Provided records.
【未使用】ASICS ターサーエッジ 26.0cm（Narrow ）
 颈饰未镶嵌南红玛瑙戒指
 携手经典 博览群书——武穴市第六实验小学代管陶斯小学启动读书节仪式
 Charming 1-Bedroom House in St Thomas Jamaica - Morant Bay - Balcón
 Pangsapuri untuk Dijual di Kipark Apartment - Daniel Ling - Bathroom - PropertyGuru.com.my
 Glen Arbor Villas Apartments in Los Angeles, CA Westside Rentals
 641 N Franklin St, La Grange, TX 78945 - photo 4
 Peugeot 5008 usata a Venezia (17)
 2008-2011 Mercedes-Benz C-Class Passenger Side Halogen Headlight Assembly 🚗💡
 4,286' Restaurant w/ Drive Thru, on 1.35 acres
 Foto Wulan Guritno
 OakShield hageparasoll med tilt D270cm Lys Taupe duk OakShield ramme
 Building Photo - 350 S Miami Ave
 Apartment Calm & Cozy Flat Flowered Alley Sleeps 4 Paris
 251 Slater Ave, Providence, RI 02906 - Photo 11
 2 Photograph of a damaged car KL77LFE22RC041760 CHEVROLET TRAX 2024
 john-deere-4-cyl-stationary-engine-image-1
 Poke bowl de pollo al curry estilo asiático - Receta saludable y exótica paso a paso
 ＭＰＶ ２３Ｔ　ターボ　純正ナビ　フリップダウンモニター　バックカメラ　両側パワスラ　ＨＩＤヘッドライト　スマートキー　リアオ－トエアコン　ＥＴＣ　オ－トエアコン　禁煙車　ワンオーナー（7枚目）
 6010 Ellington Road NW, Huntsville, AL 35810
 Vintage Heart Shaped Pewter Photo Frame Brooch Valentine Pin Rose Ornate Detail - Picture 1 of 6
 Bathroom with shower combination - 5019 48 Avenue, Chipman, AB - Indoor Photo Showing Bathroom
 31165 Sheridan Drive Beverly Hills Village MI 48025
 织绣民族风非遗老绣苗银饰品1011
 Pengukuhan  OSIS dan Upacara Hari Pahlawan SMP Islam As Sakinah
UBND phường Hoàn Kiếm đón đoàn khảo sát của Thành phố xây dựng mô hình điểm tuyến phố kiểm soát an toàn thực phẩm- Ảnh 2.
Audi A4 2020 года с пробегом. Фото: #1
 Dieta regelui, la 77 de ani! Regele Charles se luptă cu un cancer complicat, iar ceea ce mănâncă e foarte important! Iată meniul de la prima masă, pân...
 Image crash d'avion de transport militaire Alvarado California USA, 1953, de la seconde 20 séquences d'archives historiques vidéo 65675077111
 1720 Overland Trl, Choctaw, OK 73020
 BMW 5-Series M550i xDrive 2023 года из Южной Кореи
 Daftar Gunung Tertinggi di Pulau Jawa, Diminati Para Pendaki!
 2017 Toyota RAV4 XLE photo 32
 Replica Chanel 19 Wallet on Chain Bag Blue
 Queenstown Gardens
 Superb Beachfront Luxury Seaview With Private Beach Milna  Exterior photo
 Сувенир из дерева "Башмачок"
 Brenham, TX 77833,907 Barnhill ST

Requirement. Print the line containing "Dieta regelui, la" and every line after it to the end of the records above, exactly as written, and nothing else.

Problem solution.
 Dieta regelui, la 77 de ani! Regele Charles se luptă cu un cancer complicat, iar ceea ce mănâncă e foarte important! Iată meniul de la prima masă, pân...
 Image crash d'avion de transport militaire Alvarado California USA, 1953, de la seconde 20 séquences d'archives historiques vidéo 65675077111
 1720 Overland Trl, Choctaw, OK 73020
 BMW 5-Series M550i xDrive 2023 года из Южной Кореи
 Daftar Gunung Tertinggi di Pulau Jawa, Diminati Para Pendaki!
 2017 Toyota RAV4 XLE photo 32
 Replica Chanel 19 Wallet on Chain Bag Blue
 Queenstown Gardens
 Superb Beachfront Luxury Seaview With Private Beach Milna  Exterior photo
 Сувенир из дерева "Башмачок"
 Brenham, TX 77833,907 Barnhill ST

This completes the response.